Luz breve, que ec-sistas, onde? fugidio indício que me a-nuncie o meu
lugar na vida... que proscreva o meu livre-arbítrio uni-versalmente... Silêncio
efêmero que me sussurre o pensamento que pense o pensar... Solidão solícita que
murmure o sino que tange, o som que perde. As nuvens brancas espelham-se em
miríades de re-flexos, multíplice alegria, trêmula, sinais nulos, irrita e
anula, os meus olhos tremem, as extremidades sacolejam.

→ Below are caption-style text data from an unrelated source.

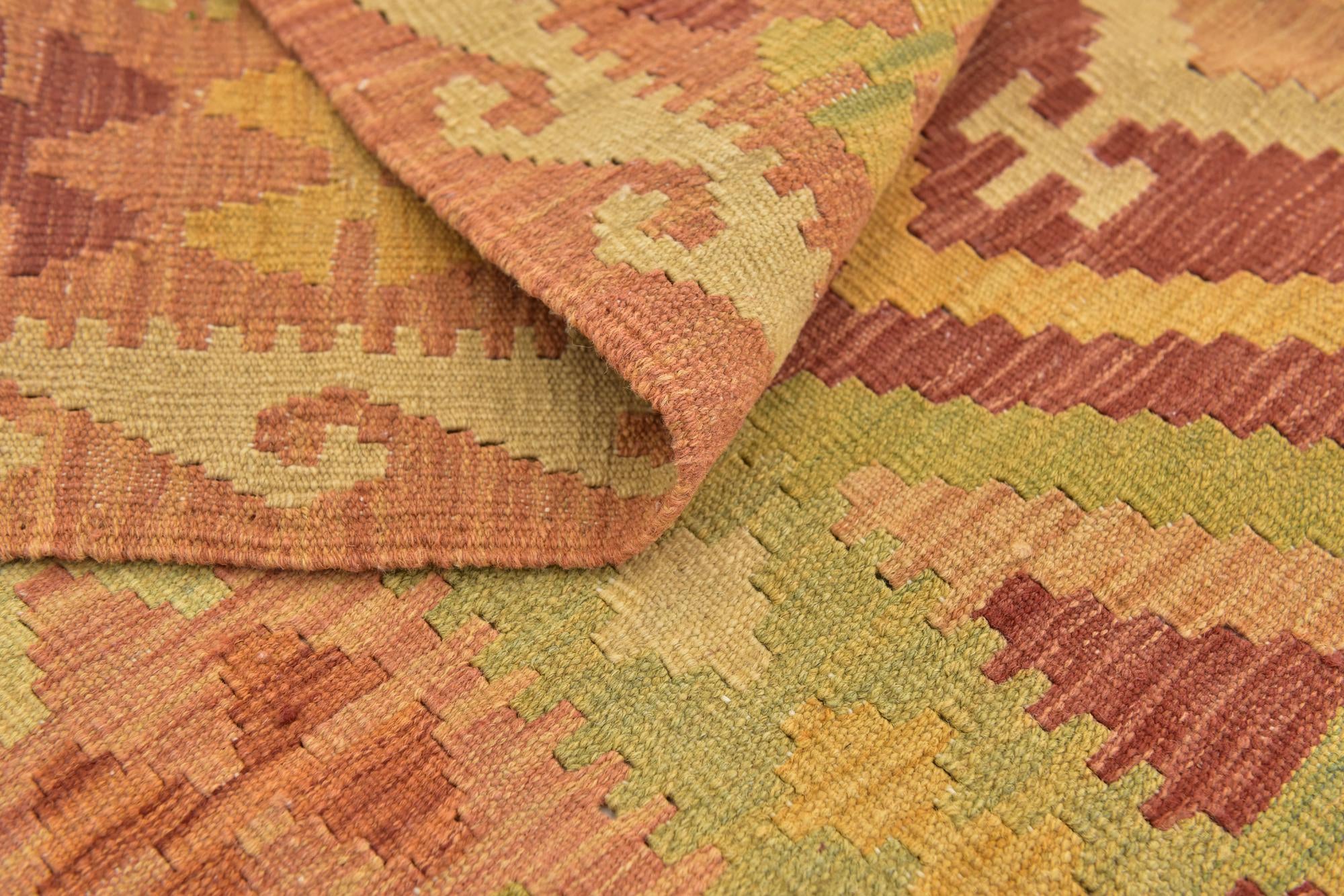 3' 5 x 4' 10 Hand Woven Kilim Waziri Wool Rug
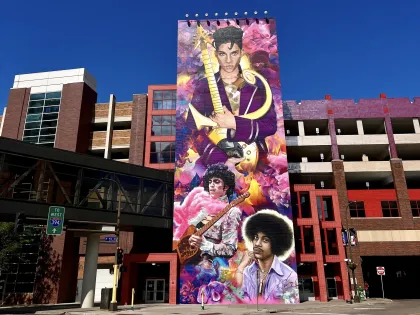 Downtown Minneapolis' new Prince mural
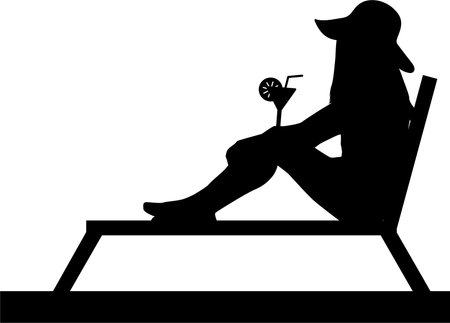 Women relaxing on deck chairのイラスト素材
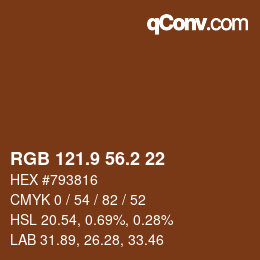 Color code: RGB 121.9 56.2 22 | qconv.com
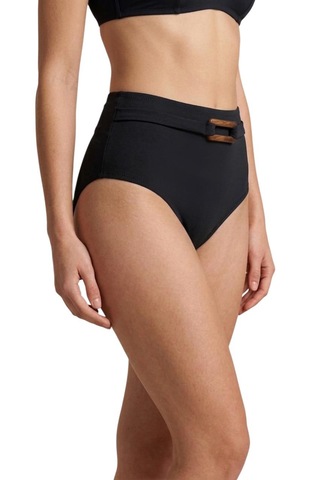 Donlaritta Büyük Beden Yüksek Bel Toparlayıcı Ahşap Aksesuarlı Bikini Altı 42-44-46-48-50- 52 Beden Siyah
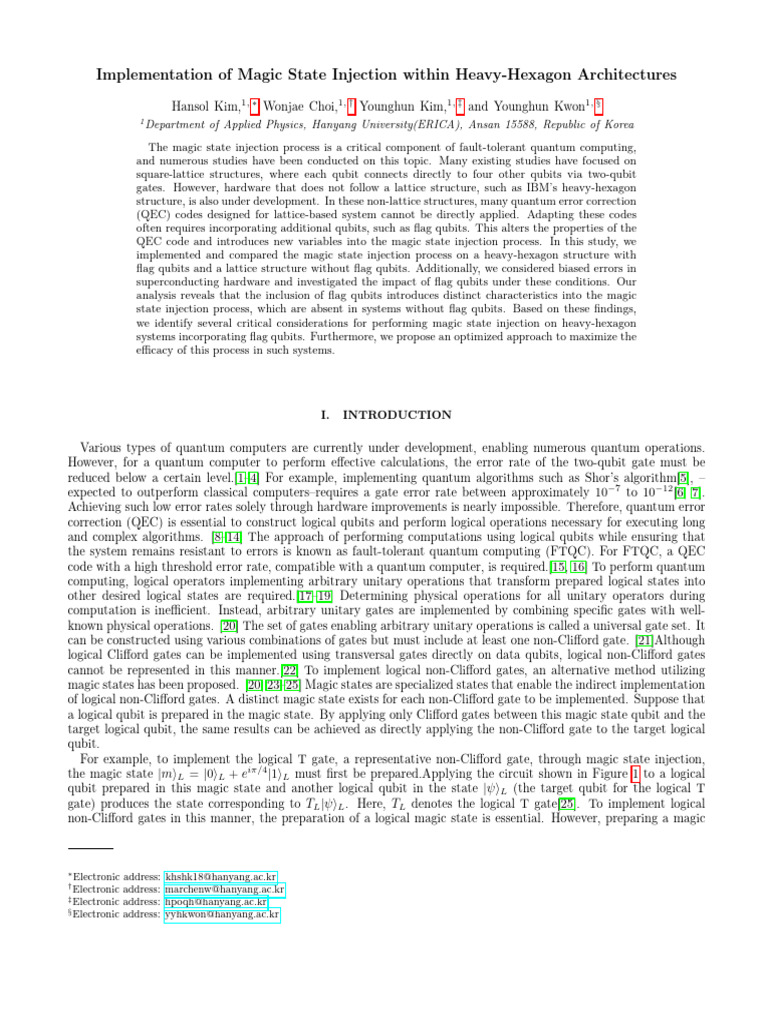 Magic State Injection Within Heavy-Hexagon Architectures | PDF ...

À janela do meu vazio, eu!...
Nítido nulo horizonte linear. Imperceptível une-se ao azul do céu,
in-fin-itude ab-soluta in-eks-sistente, na linha in-eks-sistente da separação
que os une. A vida toda está aí. Os meus olhos passam por tudo, mortos que
falais ainda, vozes nítidas e absurdas no ar, imóveis instantes de outrora...

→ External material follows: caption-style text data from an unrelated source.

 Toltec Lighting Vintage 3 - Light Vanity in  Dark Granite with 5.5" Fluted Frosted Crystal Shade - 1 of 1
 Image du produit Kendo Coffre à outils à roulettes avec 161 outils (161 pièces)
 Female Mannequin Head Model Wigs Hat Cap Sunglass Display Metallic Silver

À varanda de minhas fantasias, quimeras, sentado num banco de mármore,
as rosas no jardim des-abrochando viçosas e ternas, manhã de novo dia,
estendendo-me além das metafísicas da esperança e da fé, da teoria do
conhecimento dos verbos e dos projectos, tentando encontrar um lugar no
auspício de uma montanha, olhando o panorama do mundo, os olhos perdiam-se na
frincha das folhas de um flamboyant do outro lado da rua, o in-finito se
mostrando inteiro, nítido nulo o horizonte e já frio, um deus crescia dentro de
mim... - ah, pretéritas lembranças e re-cordações de manhãs da infância, da
juventude! Estava só, tão cheio de meu nada. No ponto nulo que separava a
vigília que se esgotara e a que re-nascia... Mas agora, à distância destes
anos, ou à distância nula da morte, agora tudo se amassa em encantamento ou em
indiferença ou em absurdo - agora a rua está deserta.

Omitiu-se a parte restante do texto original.